MDR is mainly due to the overexpression of P-gp (which is encoded by MDR1) and MRP, they function as a drug efflux pump which actively transports drugs from the inside to the outside of cancer cells and prevents the intracellular accumulation of anticancer drugs inside cancer cells necessary for cytotoxic activity, it should be noted that P-gp-mediated drug efflux was not the only mechanism involved in drug resistance. Previous studies have shown that the effect of P-gp on drug resistance is closely related to cell cycle distribution and apoptosis [Kornmann et al., 1999; Sicari et al., 2012; Tsubaki et al., 2012]. S phase kinase-associated protein 2 (skp2) is a key regulator of cell cycle control, c-Myc is required for Skp2 to trigger S phase entry, Skp2-Myc connection is important for S phase progression, skp2 recently has been shown to be a direct downstream target gene of c-myc [Kornmann et al., 1999], in addition, suppression of cyclin D1 (a regulatory kinase of cell cycle distribution) levels has been shown to potentiate the response of human pancreatic cancer cells to cisplatinum [Kornmann et al., 1998]. Besides regulation of cell cycle distribution, apoptosis is a common pathway that finally mediates the killing effects of anticancer drugs, which is an important cause of MDR. Bcl-2 family, which includes anti- and pro-apoptotic members such as Bcl-2 and Bax [Igney and Krammer, 2002; Tait and Green, 2010; Sicari et al., 2012], Bcl-2 binds to the mitochondrial membrane, competitive binding with Bax and forming Bcl-2/Bax heterodimer, which leads to closing mitochondrial permeability transition pore and preventing the release of cytochrome C, thereby inhibiting apoptosis via the Bcl-2/Bax signal pathway, moreover, Survivin induces mitochondrial fragmentation, and reduces mitochondrial respiration [Hagenbuchner et al., 2012], it is closely related to apoptosis. Therefore, in the present study, inhibition of E2F-1 expression may have decreased MDR1, MRP, Bcl-2/Bax, c-Myc, Skp2, Survivin, and Cyclin D1 expression directly or indirectly, which was responsible for reversal of MDR in human gastric cancer cells in vitro and in vivo. Further studies are needed to confirm our results.
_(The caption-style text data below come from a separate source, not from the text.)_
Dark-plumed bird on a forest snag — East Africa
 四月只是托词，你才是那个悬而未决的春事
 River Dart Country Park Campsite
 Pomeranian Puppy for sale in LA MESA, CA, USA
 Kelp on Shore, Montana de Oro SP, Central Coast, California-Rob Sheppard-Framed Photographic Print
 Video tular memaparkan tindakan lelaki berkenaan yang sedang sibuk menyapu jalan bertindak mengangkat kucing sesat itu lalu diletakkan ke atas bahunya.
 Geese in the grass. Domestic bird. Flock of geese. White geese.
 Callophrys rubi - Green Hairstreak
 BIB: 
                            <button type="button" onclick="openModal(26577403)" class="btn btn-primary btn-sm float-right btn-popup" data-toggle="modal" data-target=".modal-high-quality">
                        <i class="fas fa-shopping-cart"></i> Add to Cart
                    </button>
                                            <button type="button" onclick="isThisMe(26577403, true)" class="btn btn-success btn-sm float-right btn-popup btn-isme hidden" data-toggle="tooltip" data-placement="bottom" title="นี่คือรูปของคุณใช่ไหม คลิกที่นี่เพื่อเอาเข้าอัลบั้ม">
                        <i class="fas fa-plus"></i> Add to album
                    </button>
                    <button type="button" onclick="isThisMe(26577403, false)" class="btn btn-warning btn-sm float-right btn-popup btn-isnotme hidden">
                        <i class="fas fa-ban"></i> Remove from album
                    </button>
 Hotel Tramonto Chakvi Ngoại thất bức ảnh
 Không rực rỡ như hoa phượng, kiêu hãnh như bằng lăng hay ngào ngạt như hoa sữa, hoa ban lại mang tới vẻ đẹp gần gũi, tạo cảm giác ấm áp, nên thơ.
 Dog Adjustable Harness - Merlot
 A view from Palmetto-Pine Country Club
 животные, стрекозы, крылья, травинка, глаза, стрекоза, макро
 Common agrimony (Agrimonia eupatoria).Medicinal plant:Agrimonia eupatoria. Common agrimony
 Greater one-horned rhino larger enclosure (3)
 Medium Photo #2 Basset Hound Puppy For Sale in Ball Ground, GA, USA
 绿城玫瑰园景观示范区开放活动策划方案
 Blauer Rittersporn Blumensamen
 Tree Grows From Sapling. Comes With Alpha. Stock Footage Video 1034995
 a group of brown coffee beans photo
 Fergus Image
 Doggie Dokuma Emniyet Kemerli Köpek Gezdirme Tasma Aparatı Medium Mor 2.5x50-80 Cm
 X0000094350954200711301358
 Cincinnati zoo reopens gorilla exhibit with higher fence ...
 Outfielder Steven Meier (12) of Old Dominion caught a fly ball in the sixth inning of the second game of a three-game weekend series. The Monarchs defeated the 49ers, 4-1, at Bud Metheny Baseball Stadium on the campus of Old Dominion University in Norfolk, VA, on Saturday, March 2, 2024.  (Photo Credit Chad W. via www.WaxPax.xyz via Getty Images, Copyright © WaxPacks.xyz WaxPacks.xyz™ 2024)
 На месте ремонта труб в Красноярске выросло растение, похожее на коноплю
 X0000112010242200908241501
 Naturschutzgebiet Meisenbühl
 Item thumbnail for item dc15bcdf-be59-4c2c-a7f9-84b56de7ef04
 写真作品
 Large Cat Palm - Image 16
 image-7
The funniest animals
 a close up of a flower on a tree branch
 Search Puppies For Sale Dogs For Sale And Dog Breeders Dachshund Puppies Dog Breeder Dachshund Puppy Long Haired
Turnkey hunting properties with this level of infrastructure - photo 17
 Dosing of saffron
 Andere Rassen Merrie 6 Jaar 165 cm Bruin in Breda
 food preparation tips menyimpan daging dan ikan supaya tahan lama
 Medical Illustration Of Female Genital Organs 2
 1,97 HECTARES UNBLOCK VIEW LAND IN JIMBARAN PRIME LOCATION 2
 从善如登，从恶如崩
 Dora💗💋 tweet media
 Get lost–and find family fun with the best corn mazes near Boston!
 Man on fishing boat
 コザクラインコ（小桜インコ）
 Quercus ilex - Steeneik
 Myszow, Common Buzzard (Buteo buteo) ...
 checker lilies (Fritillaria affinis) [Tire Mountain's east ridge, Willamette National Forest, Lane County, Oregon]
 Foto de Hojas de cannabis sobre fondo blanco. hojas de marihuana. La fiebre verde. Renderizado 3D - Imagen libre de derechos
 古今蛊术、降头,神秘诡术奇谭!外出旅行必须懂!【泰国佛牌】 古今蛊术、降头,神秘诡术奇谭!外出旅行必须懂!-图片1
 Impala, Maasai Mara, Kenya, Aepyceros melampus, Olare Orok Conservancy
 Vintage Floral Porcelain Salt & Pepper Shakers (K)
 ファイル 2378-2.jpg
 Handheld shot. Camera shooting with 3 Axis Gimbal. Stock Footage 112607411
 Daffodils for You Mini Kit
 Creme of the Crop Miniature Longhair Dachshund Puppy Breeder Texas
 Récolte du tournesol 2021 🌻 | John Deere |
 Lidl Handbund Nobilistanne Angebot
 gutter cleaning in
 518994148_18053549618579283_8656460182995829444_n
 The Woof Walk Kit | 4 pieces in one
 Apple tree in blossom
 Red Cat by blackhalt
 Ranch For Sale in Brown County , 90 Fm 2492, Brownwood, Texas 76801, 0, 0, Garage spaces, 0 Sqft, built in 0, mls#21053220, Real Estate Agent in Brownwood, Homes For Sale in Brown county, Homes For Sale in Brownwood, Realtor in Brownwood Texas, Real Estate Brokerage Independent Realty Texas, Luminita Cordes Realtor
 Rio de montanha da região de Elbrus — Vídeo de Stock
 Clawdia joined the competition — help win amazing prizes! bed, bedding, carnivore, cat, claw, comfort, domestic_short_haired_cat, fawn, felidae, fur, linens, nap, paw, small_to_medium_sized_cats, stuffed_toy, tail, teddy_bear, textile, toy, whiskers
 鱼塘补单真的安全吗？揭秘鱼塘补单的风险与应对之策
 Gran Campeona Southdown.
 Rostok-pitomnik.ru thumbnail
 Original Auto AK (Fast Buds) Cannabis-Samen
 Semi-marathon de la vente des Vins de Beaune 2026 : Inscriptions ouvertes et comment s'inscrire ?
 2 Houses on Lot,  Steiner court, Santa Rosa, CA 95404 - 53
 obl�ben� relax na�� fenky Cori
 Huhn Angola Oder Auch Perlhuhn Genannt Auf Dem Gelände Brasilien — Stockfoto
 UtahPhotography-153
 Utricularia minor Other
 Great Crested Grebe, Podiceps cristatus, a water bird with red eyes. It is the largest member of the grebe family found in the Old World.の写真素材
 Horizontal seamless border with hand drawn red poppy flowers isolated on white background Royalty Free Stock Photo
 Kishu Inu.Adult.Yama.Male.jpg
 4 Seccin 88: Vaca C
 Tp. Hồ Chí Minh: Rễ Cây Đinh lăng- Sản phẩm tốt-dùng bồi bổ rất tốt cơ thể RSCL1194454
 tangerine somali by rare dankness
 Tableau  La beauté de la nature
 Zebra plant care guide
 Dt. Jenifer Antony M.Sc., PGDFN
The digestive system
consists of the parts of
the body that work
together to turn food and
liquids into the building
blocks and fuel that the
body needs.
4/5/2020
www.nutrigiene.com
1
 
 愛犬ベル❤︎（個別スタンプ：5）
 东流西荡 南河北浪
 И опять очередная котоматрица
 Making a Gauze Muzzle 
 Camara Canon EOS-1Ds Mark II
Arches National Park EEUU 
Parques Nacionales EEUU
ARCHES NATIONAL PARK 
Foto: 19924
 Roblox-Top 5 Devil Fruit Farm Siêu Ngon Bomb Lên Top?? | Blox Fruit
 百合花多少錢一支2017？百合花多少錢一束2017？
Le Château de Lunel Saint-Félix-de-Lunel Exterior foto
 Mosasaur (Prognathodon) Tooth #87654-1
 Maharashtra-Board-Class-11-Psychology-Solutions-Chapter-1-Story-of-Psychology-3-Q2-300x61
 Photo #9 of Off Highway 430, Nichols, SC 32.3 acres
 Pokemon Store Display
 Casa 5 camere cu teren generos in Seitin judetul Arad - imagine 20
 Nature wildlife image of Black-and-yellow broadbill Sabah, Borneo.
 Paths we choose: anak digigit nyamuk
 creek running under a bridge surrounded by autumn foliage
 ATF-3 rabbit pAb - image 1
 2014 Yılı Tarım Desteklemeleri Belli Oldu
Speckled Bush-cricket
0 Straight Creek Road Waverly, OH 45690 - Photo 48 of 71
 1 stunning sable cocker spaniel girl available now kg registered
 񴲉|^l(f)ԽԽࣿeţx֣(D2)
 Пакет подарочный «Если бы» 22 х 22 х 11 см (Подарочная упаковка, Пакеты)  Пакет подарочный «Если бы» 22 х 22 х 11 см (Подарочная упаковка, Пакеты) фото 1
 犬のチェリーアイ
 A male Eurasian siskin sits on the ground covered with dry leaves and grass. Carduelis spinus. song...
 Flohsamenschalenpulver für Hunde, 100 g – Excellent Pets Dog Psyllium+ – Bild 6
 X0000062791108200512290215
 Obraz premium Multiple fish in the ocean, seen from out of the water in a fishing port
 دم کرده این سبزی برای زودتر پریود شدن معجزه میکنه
The term MDR was originally coined to define a condition enabling a disease-causing organism or cancer cells to resist distinct drugs or chemicals with a wide variety of structure and function, targeted at eradicating the organism/cancer cell. Much routine chemotherapy cannot achieve good therapeutic effects because of MDR [Lu et al., 2012]. In this study, we showed that E2F-1 plays a critical role in reversing MDR. Downregulation of E2F-1 using RNAi reversed the progression of MDR in gastric cancer SGC7901/DDP cells in vitro and in vivo. In conclusion, this study lays the foundation for treatment of MDR in gastric cancer through manipulation of E2F-1 expression.